Description of the task -
The entries below contain pictures. Write out only the lines from the line with "Aerial photoo of" up to and including the line with "A figure walks", exactly, without them.

Study material -
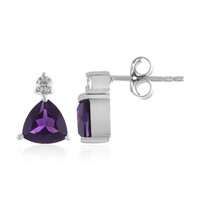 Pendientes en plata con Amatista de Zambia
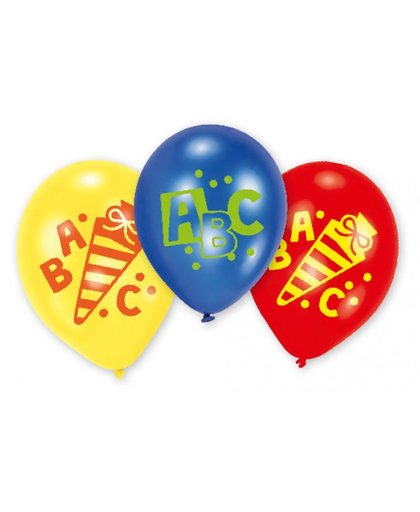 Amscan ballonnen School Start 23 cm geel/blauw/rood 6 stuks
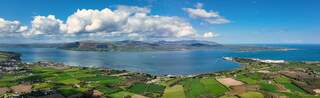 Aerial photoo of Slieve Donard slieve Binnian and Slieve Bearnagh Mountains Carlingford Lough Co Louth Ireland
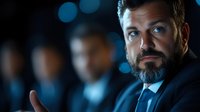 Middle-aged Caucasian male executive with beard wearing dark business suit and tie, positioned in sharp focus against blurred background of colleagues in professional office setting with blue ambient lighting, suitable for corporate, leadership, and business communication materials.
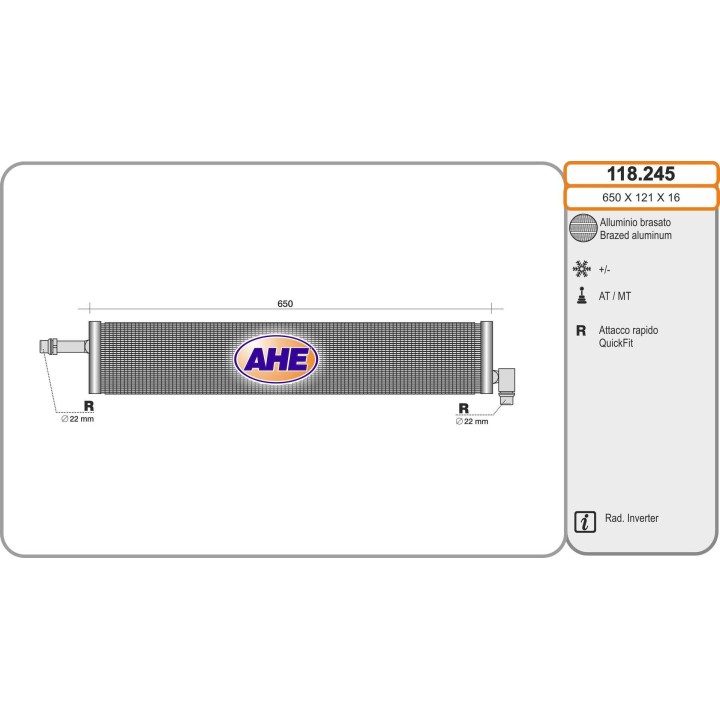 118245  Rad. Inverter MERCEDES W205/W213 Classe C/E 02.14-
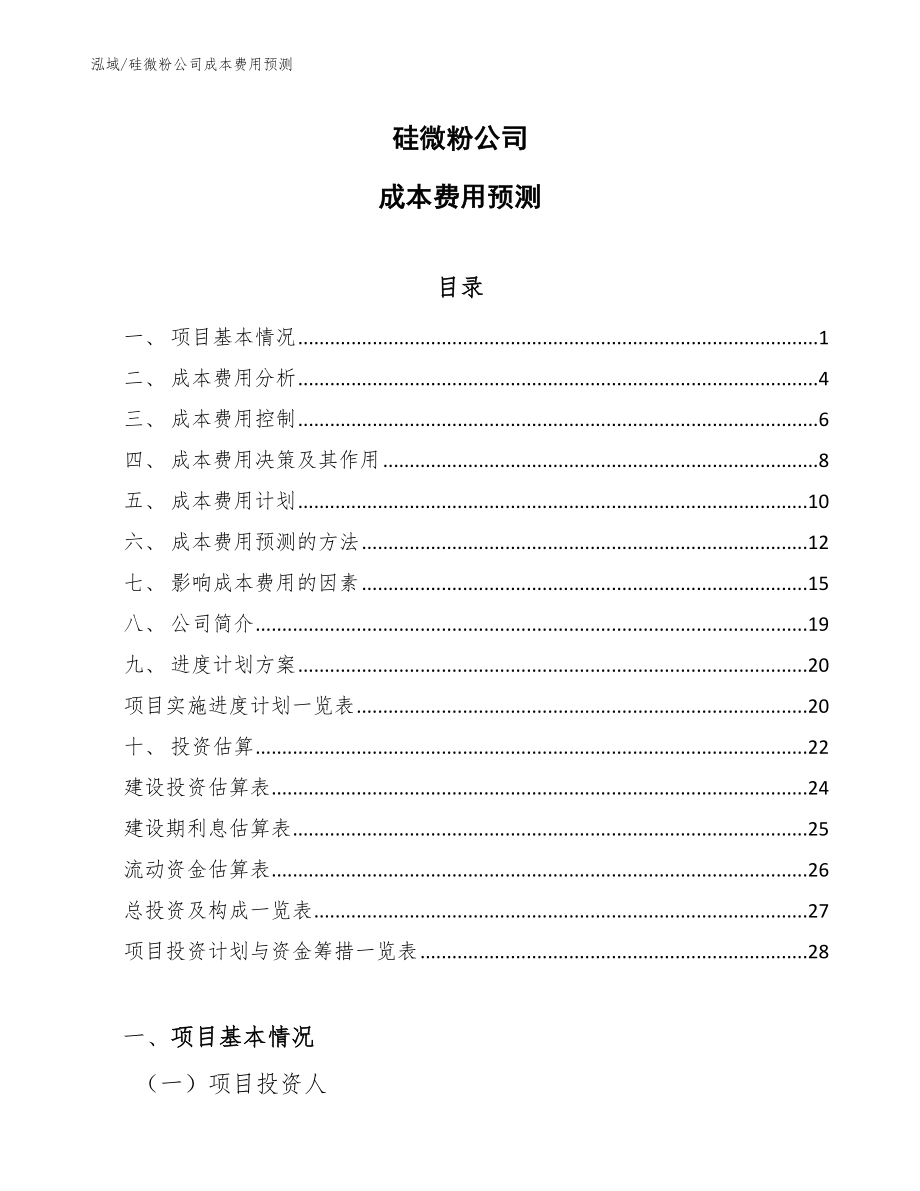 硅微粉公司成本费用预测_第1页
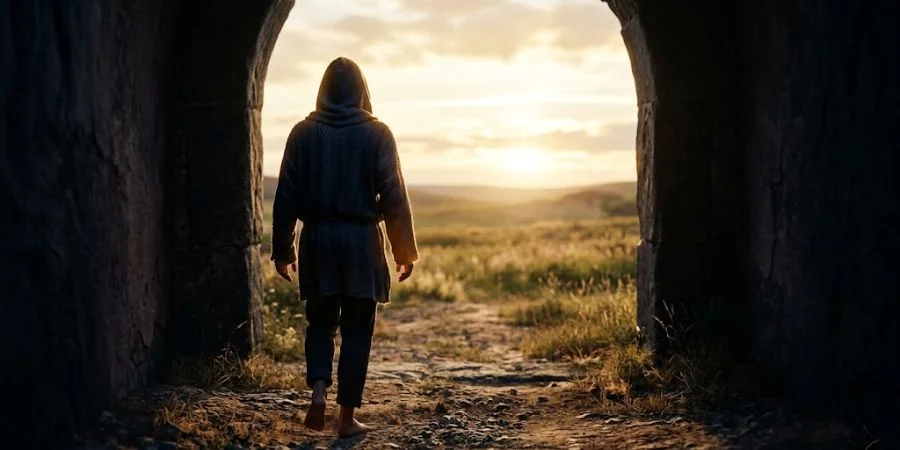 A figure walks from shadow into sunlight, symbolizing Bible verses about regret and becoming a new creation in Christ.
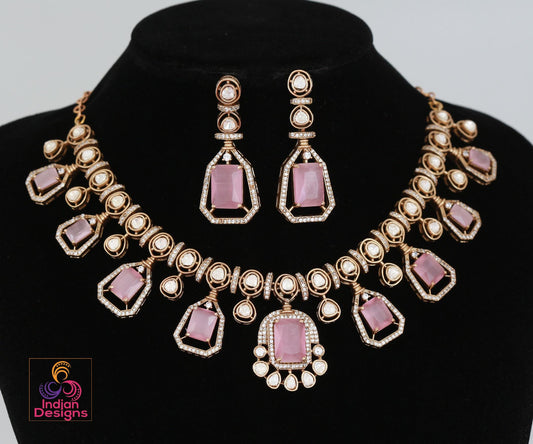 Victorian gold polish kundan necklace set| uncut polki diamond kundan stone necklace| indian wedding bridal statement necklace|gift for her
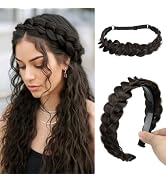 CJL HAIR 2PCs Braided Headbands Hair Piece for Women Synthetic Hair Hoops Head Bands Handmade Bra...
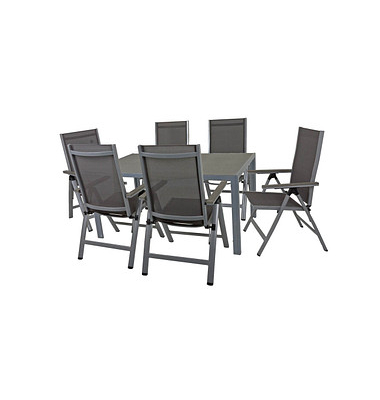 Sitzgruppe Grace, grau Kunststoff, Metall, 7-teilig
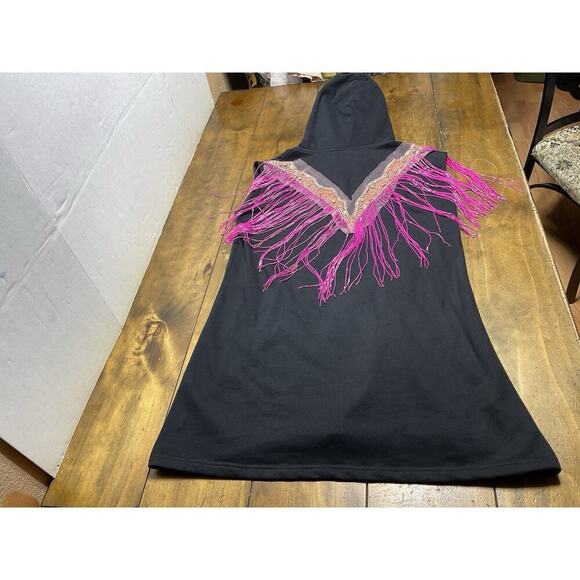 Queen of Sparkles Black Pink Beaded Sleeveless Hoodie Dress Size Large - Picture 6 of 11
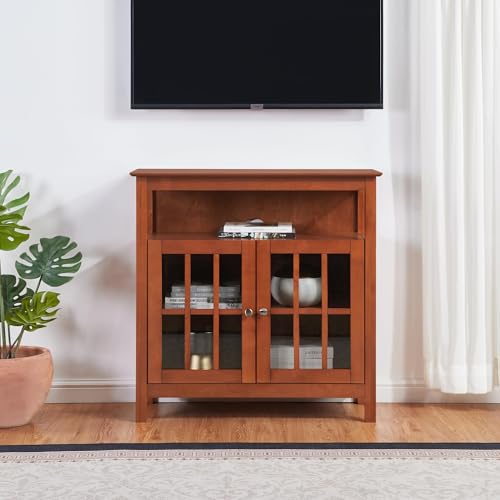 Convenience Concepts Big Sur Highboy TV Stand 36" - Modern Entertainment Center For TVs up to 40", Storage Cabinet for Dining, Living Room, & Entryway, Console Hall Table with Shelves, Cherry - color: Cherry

...

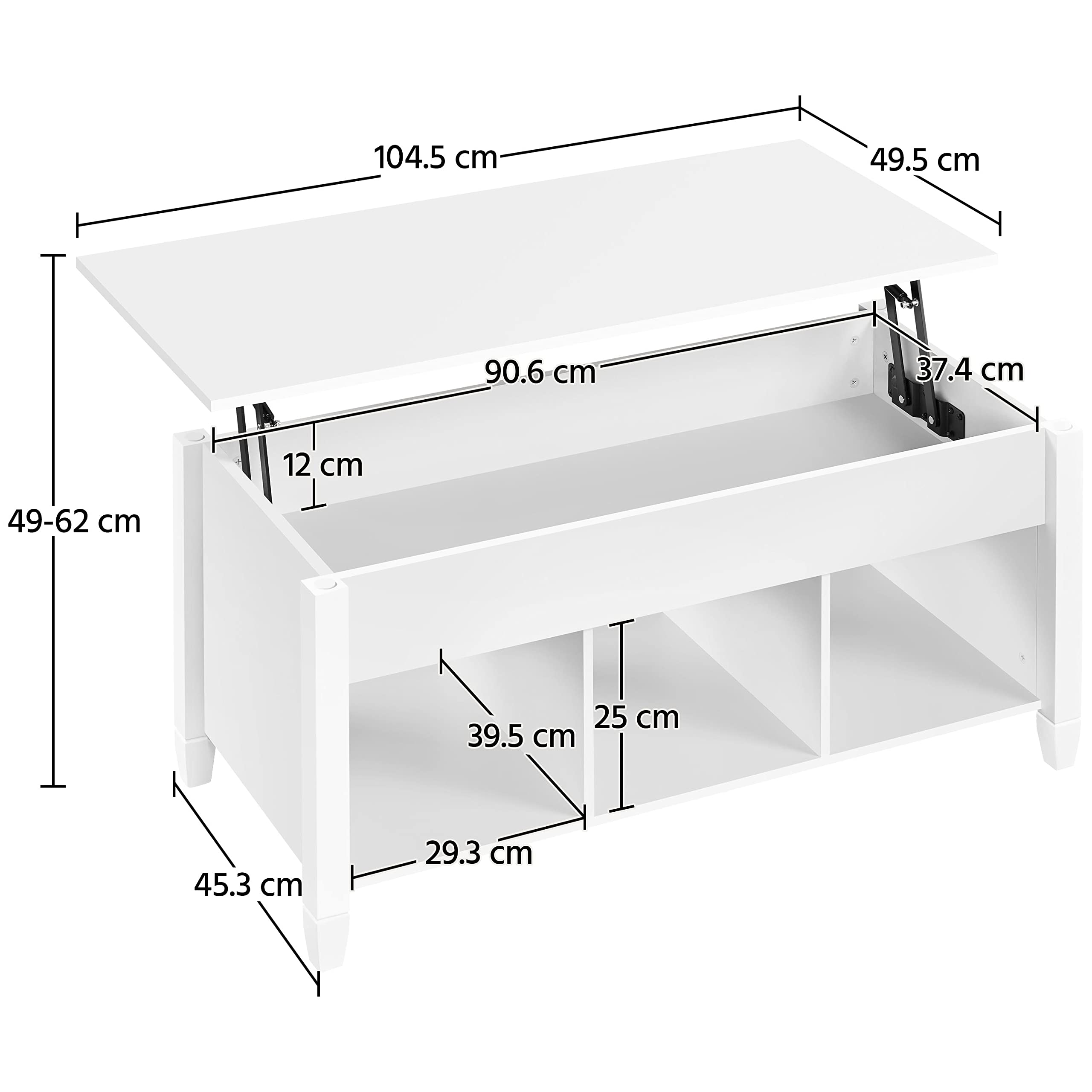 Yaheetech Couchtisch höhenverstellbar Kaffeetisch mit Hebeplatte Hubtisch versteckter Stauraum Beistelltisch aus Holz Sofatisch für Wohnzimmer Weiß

Solution to this problem -
 Aerial photoo of Slieve Donard slieve Binnian and Slieve Bearnagh Mountains Carlingford Lough Co Louth Ireland
 Middle-aged Caucasian male executive with beard wearing dark business suit and tie, positioned in sharp focus against blurred background of colleagues in professional office setting with blue ambient lighting, suitable for corporate, leadership, and business communication materials.
 118245  Rad. Inverter MERCEDES W205/W213 Classe C/E 02.14-
 硅微粉公司成本费用预测_第1页
 A figure walks from shadow into sunlight, symbolizing Bible verses about regret and becoming a new creation in Christ.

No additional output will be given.